Long-time readers will know that I am a bit of a fan of Andrew Norriss: you can read my reviews of his previous books here. So I was delighted to receive his new book – or I would have been, if my wife hadn’t grabbed it off me and declared her intention to read it first. Luckily, one feature of his writing is its narrative zip: you pick up the story, intending to read the first chapter, and two hours later you realise you’re past half way and you really rather wouldn’t stop now so, sometime around 3am, you finish the book and promise yourself that you really won’t do that the next time. Only you do. My wife did it first, which at least meant that I didn’t have to wait too long to get my hands on Mike, and then, despite my every resolution, I did it too. So, it’s your fault, Andrew, that I had a sleep-sore head for the next two days!
Andrew Norriss is unusual, possibly unique, among writers in writing dramas of the good. In his books, there are almost always no bad people, just decent folk trying to do what is right. So where’s the story in that? Stories require conflict, right? Well, yes, but conflict can come from conflicting ideas, between good and honourable people, of what actually is the right course, and this is the dramatic seam that Norriss has been mining in his recent books. In Mike, a deceptively simple book, he goes even further in his exploration as to what constitutes the good. The story is straightforward. Floyd, a teenage tennis prodigy, realises that he simply doesn’t want to play tennis any longer. His parents, tennis professionals, want him to succeed at the sport to which he’s devoted most of his young life – but they are not the coaching monsters of news headlines, but decent parents wanting to do what’s best for their son. Floyd, for his part, is desperate not to let down his parents. That is the seed of the story, but from that sprouts surprisingly deep roots, for in his desperation to find a solution to his situation, Floyd meets a friend, Mike. But no one else can see Mike. And Mike isn’t going to let Floyd play tennis any longer, taking increasingly direct action to stop Floyd when he gets on the tennis court. To try to get to the bottom of this, Floyd sees a psychologist (the one character in the book I didn’t like, since he bore far too close a resemblance to the most irritating character in history, Counsellor Deanna Troi in Star Trek: The Next Generation, to whose face of simpering empathy the natural human response is a swift slap).
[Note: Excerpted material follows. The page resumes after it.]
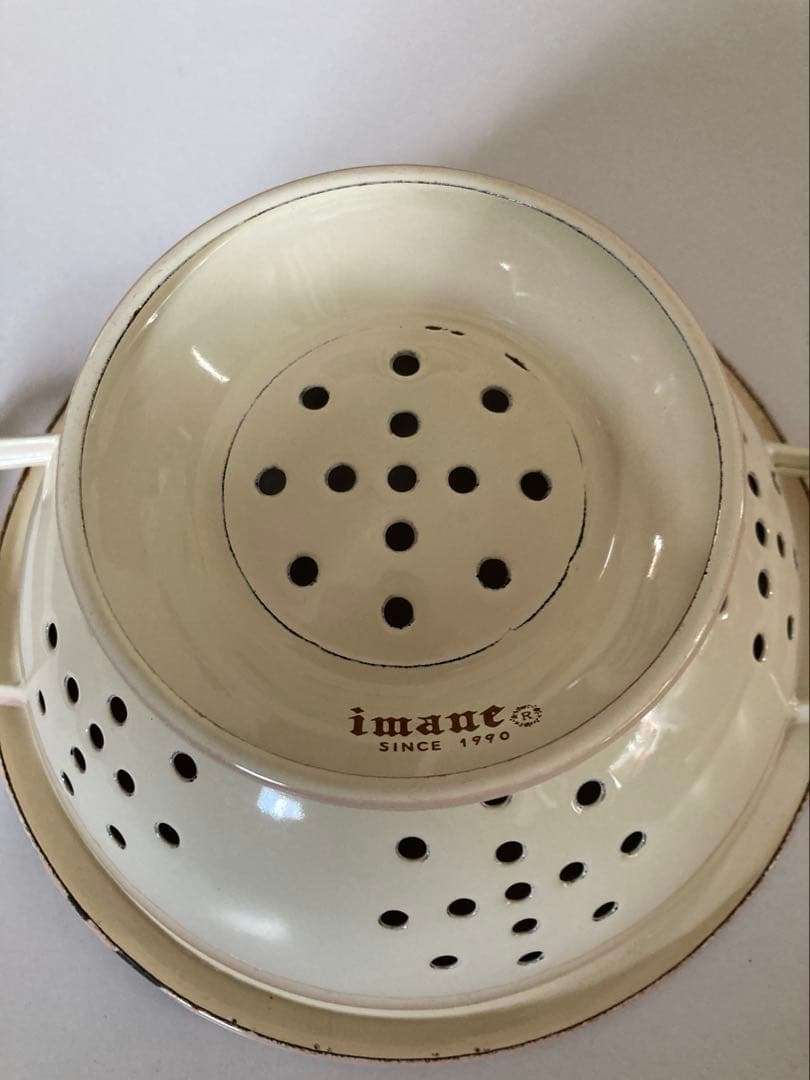 イマン ホーロー コランダー - メルカリ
At this point, I must admit, I was getting a little worried. Mike was beginning to seem like a personification of the sort of ‘be-kind-to-yourself’ self sentimentalisation that bedevils us today: a reification of the self and its desires into a good in and of itself. That advertising slogan, ‘Because you’re worth it,’ sums up the attitude: no, you’re not – and neither am I. Was Mike going to slip into a platitudinous hymn to finding yourself in some nebulous satisfaction of selfish desires?
I should have known better.
Norriss knows his Aristotle far too well to fall into this modern-day trap. Mike is, in fact, an examination of what is good as lived in daily life. As Aristotle said, and Thomas Aquinas amplified, all men act for the good – the evil supervillain announcing his evil masterplan to destroy the world is a fantasy of simplication. Even history’s most notorious monsters acted towards ends they considered good – the evil lay in the ends they had convinced themselves were good. To that end, the good life consists in that which makes each of us most completely what we are: for we are born as sketches, and painted through time to our completion. But in our lives, we can either complete the picture, or deface it. Mike is about the making of the human picture, and the right discernment of that which makes our pictures complete.
All this in a story about tennis and fish.